While there are other industrial-strength transaction processing systems, notably IBM's own CICS and IMS, TPF's raison d'être is extreme volume, large numbers of concurrent users and very fast response times, for example VISA credit card transaction processing during the peak holiday shopping season.
The TPF passenger reservation application PARS, or its international version IPARS, is used by many airlines.
One of TPF's major components is a high performance, specialized database facility called TPFDF.
A close cousin of TPF, the transaction monitor ALCS, was developed by IBM to integrate TPF services into the more common mainframe operating system MVS, now z/OS.
TPF evolved from the Airlines Control Program (ACP), a free package developed in the mid-1960s by IBM in association with major North American and European airlines. In 1979, IBM introduced TPF as a replacement for ACP — and as a priced software product. The new name suggests its greater scope and evolution into non-airline related entities.
TPF is capable of running on a multiprocessor, that is, on mainframe systems in which there is more than one CPU. Within the community, the CPUs are referred to as Instruction Streams or simply I-streams. On a mainframe or in a logical partition (LPAR) of a mainframe with more than one I-stream, TPF is said to be running tightly coupled.
Due to the reentrant nature of TPF programs and the control program, this is made possible as no active piece of work modifies any program. The default is to run on the main I-stream which is given as the lowest numbered I-stream found during IPL. However, users and/or programs can initiate work on other I-streams via internal mechanisms in the API which let the caller dictate which I-stream to initiate the work on. In the new z/TPF, the system itself will try to load balance by routing any application that does not request a preference or affinity to I-streams with less work than others.
In the TPF architecture, each I-stream shares common core, except for a 4Kb in size prefix area for each I-stream. In other instances where core data must or should be kept separate, the application designer typically carves up reserved storage areas into a number of sections equal to the number of I-streams. A good example of the TPF system doing this can be found with TPFs support of I-stream unique globals. Proper access to these carved sections of core are made by taking the base address of the area, and adding to it the product of the I-stream relative number times the size of each area.
TPF is capable of supporting multiple mainframes (of any size themselves — be it single I-stream to multiple I-stream) connecting to and operating on a common database. Currently, 32 IBM mainframes may share the TPF database; if such a system were in operation, it would be called 32-way loosely coupled. The simplest loosely coupled system would be two IBM mainframes sharing one DASD (Direct Access Storage Device). In this case, the control program would be equally loaded into core and each program or record on DASD could be potentially accessed by either mainframe.
In order to serialize accesses between data records on a loosely coupled system, a practice known as Record locking must be used. This means that when one mainframe processor obtains a hold on a record, the mechanism must prevent all other processors from obtaining the same hold and communicate to the requesting processors that they are waiting.
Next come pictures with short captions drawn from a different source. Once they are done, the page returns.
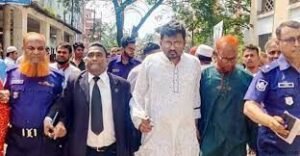 ২৬ নেতাকর্মী কারাগারে কুমিল্লায় বিএনপি এলডিপির 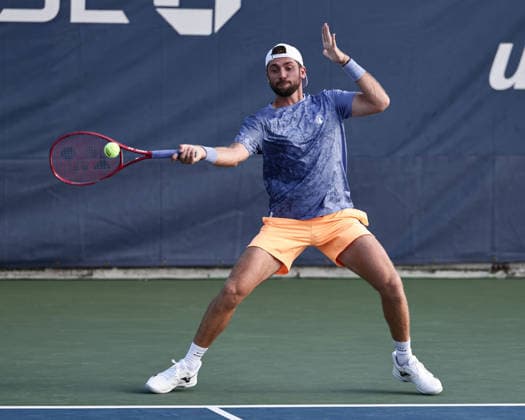 Adam Pavlasek, Patrik Rikl, Men s Doubles, US Open Championships, Billie Jean King National Tennis Center, Flushing Meadows, New York, USA Copyright: xJuergenxHasenkopfx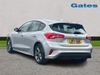 Ford Focus Focus 5Dr ST-Line 1.0 125PS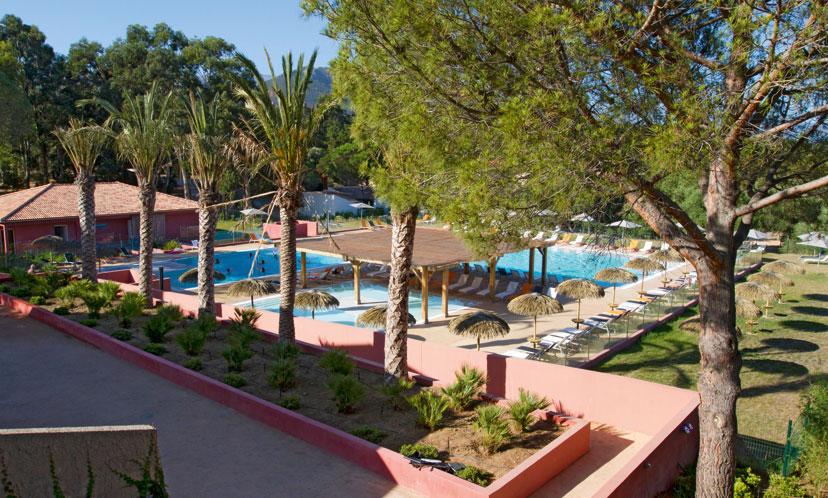 BELGODERE - GOLFE DE LOZARI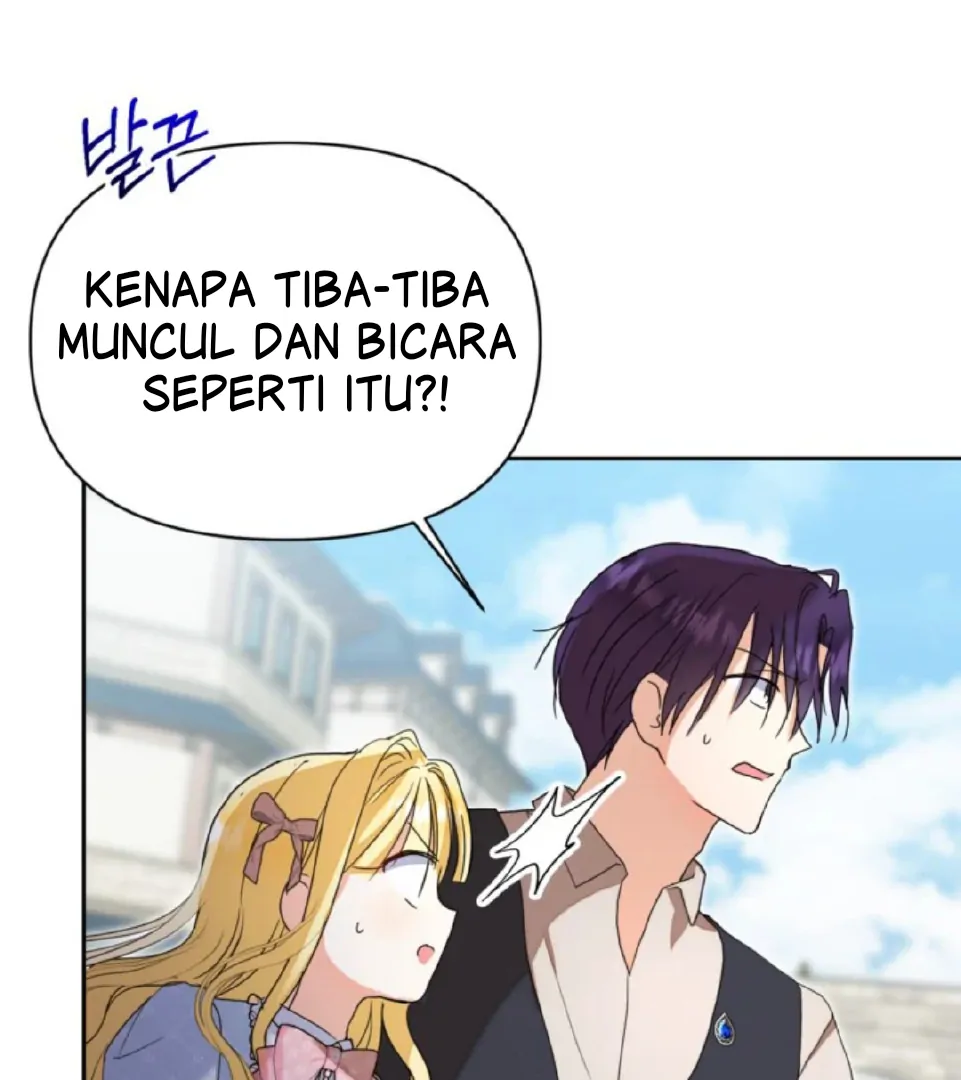 The Sister Who Was My Enemy Now Loves Me Chapter 27 Gambar 5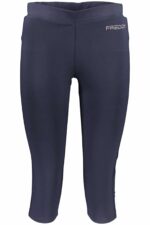 FREDDY WOMEN'S BLUE LEGGINGS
Within any tightly coupled system, this is easy to manage between I-streams via the use of the Record Hold Table. However, when the lock is obtained offboard of the TPF processor in the DASD control unit, an external process must be used. Historically, the record locking was accomplished in the DASD control unit via an RPQ known as LLF (Limited Locking Facility) and later ELLF (extended). LLF and ELLF were both replaced by the Multipathing Lock Facility (MPLF). To run, clustered (loosely coupled) z/TPF requires either MPLF in all disk control units or an alternative locking device called a Coupling Facility. 
Records that absolutely must be managed by a record locking process are those which are processor shared. In TPF, most record accesses are done by using record type and ordinal. So if you had defined a record type in the TPF system of 'FRED' and gave it 100 records or ordinals, then in a processor shared scheme, record type 'FRED' ordinal '5' would resolve to exactly the same file address on DASD — clearly necessitating the use of a record locking mechanism.
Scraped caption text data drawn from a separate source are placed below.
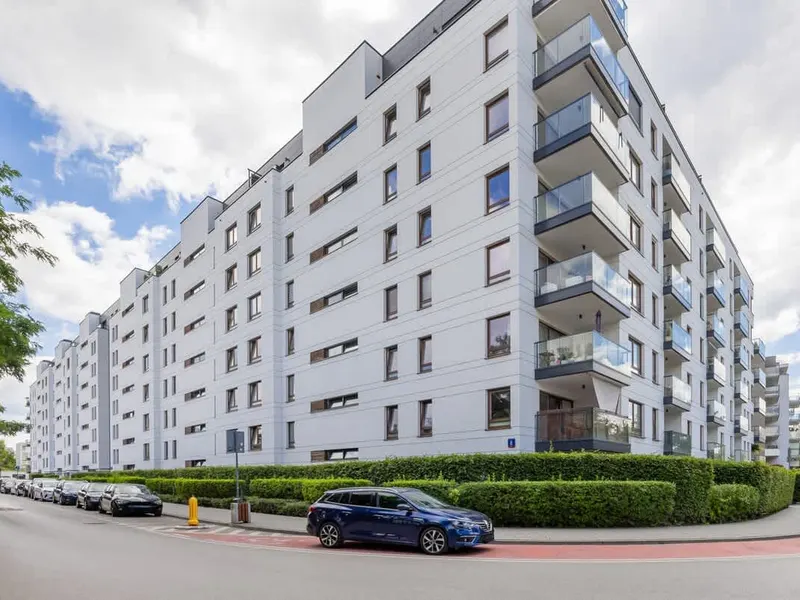 Spacious Apartment | Air Conditioning | Balcony | Workspace – photo 5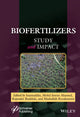 Book cover of: Biofertilizers. By: Inamuddin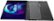 Alt View Zoom 3. Lenovo - Legion Slim 7 AMD Advantage Edition 16" WQXGA Gaming Laptop - AMD Ryzen 9 6900HX-16GB Memory-AMD Radeon RX 6800S-1TB SSD - Onyx Grey.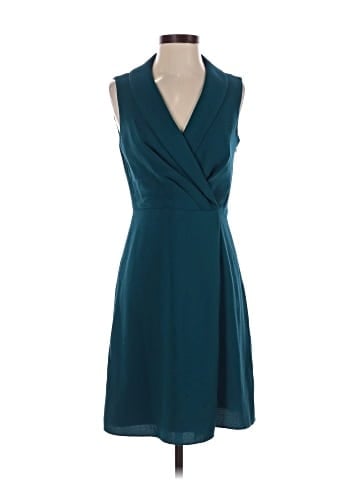 Adrianna Papell Cocktail Dress (view 1)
All processor shared records on a TPF system will be accessed via exactly the same file address which will resolve to exactly the same location.
A processor unique record is one that is defined such that each processor expected to be in the loosely coupled complex has a record type of 'FRED' and perhaps 100 ordinals. However, if a user on any 2 or more processors examines the file address that record type 'FRED', ordinal '5' resolves to, they will note a different physical address is used.
TPF has no built-in graphical user interface (GUI). TPF's built-in user interface is line driven with simple text screens that scroll upwards. There are no mice, windows, or icons on a TPF Prime CRAS (Computer room agent set — "the name given to devices which have been assigned to control the operation of the z/TPF system"). All work is accomplished via the use of typed one or two line commands, similar to early versions of UNIX before X. There are several products available that connect to the Prime CRAS and provide graphical interface functions to the TPF operator, for example the TPF Operations Server. Graphical interfaces for end-users are typically provided through PC-based functions.
TPF also does not include a compiler/assembler, text editor, or the concept of a desktop. TPF application source code is typically kept in PDSs on a z/OS system. However, some previous installations of TPF kept source code in z/VM-based files and used the CMS update facility to handle versioning. Currently, the z/OS compiler/assembler is used to build TPF code into object modules, producing load files that the TPF "online system" can accept. Starting with z/TPF 1.1, Linux will be the build platform.
Using TPF requires an intimate knowledge of the Operations Guide since there is no shipped support for any type of online command "directory" that you might find on other platforms. Commands created by IBM and shipped by IBM for the running and administration of TPF are referred to as "Z-messages", as they are all prefixed with the letter "Z". Other letters are reserved so that customers may write their own commands.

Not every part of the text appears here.